Problem to work on:
This exercise calls for an exact copy of the listing, with no pictures kept.

◆ ◆ ◆ ◆ ◆

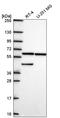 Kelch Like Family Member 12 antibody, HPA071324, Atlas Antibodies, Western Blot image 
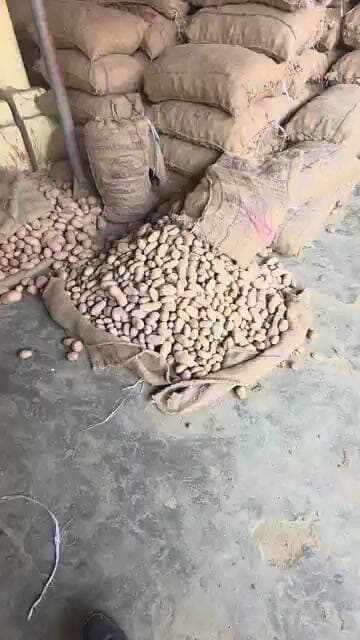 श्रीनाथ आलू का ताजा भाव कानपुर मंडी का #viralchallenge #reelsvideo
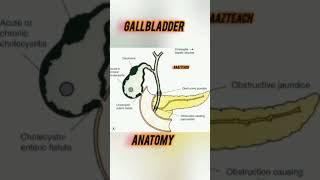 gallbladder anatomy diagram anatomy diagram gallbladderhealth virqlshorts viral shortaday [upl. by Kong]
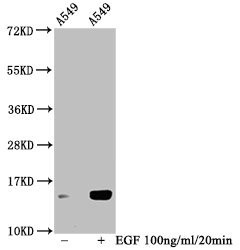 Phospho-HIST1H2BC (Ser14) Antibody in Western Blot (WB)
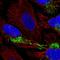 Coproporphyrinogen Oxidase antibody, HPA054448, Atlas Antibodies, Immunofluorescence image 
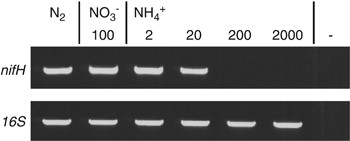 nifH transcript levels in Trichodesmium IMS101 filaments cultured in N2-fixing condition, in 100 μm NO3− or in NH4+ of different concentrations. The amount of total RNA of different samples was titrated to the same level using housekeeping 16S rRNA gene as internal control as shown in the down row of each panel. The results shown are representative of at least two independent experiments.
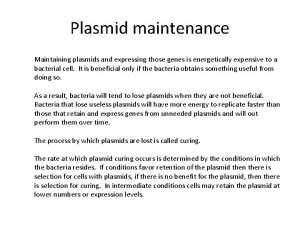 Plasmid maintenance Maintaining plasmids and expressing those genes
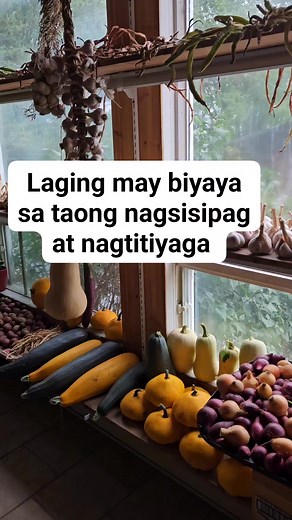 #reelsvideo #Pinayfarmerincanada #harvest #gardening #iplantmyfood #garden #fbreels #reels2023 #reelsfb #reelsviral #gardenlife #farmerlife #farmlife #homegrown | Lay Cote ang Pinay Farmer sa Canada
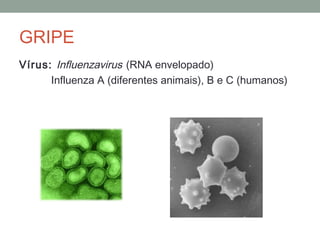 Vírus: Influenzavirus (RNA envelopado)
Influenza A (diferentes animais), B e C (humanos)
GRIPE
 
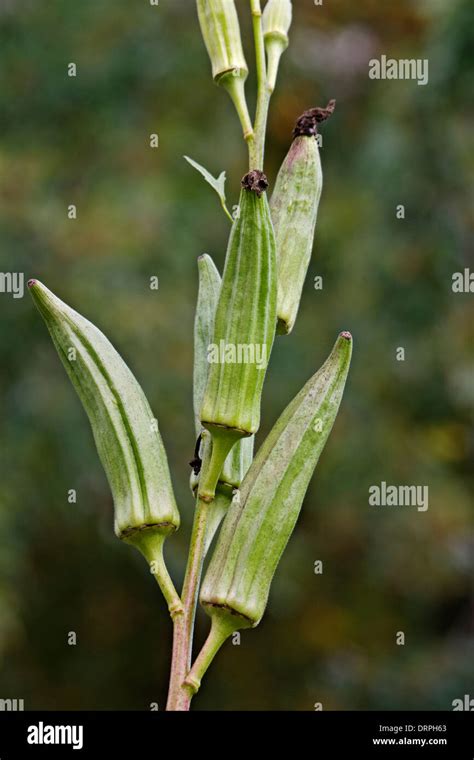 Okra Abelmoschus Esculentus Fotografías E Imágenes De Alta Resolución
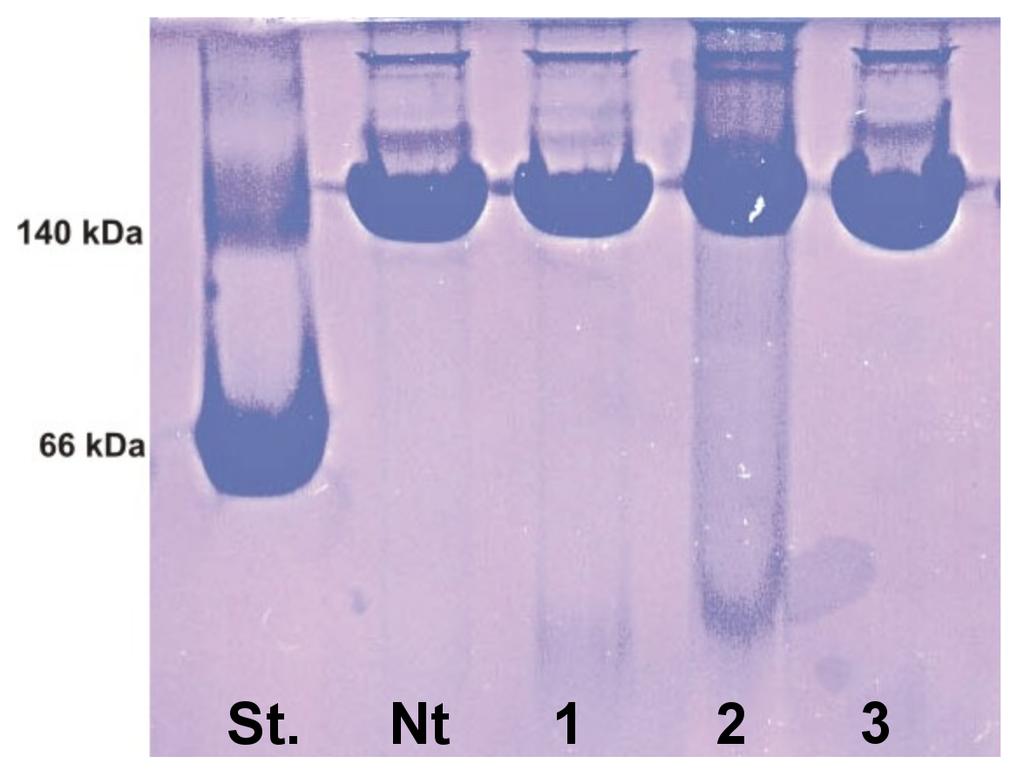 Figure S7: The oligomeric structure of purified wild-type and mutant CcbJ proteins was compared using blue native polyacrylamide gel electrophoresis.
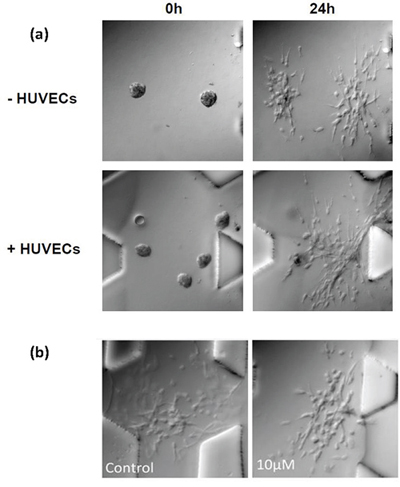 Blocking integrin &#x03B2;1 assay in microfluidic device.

◆ ◆ ◆ ◆ ◆

Written response:
 Kelch Like Family Member 12 antibody, HPA071324, Atlas Antibodies, Western Blot image 
 श्रीनाथ आलू का ताजा भाव कानपुर मंडी का #viralchallenge #reelsvideo
 gallbladder anatomy diagram anatomy diagram gallbladderhealth virqlshorts viral shortaday [upl. by Kong]
 Phospho-HIST1H2BC (Ser14) Antibody in Western Blot (WB)
 Coproporphyrinogen Oxidase antibody, HPA054448, Atlas Antibodies, Immunofluorescence image 
 nifH transcript levels in Trichodesmium IMS101 filaments cultured in N2-fixing condition, in 100 μm NO3− or in NH4+ of different concentrations. The amount of total RNA of different samples was titrated to the same level using housekeeping 16S rRNA gene as internal control as shown in the down row of each panel. The results shown are representative of at least two independent experiments.
 Plasmid maintenance Maintaining plasmids and expressing those genes
 #reelsvideo #Pinayfarmerincanada #harvest #gardening #iplantmyfood #garden #fbreels #reels2023 #reelsfb #reelsviral #gardenlife #farmerlife #farmlife #homegrown | Lay Cote ang Pinay Farmer sa Canada
 Vírus: Influenzavirus (RNA envelopado)
Influenza A (diferentes animais), B e C (humanos)
GRIPE
 
 Okra Abelmoschus Esculentus Fotografías E Imágenes De Alta Resolución
 Figure S7: The oligomeric structure of purified wild-type and mutant CcbJ proteins was compared using blue native polyacrylamide gel electrophoresis.
 Blocking integrin &#x03B2;1 assay in microfluidic device.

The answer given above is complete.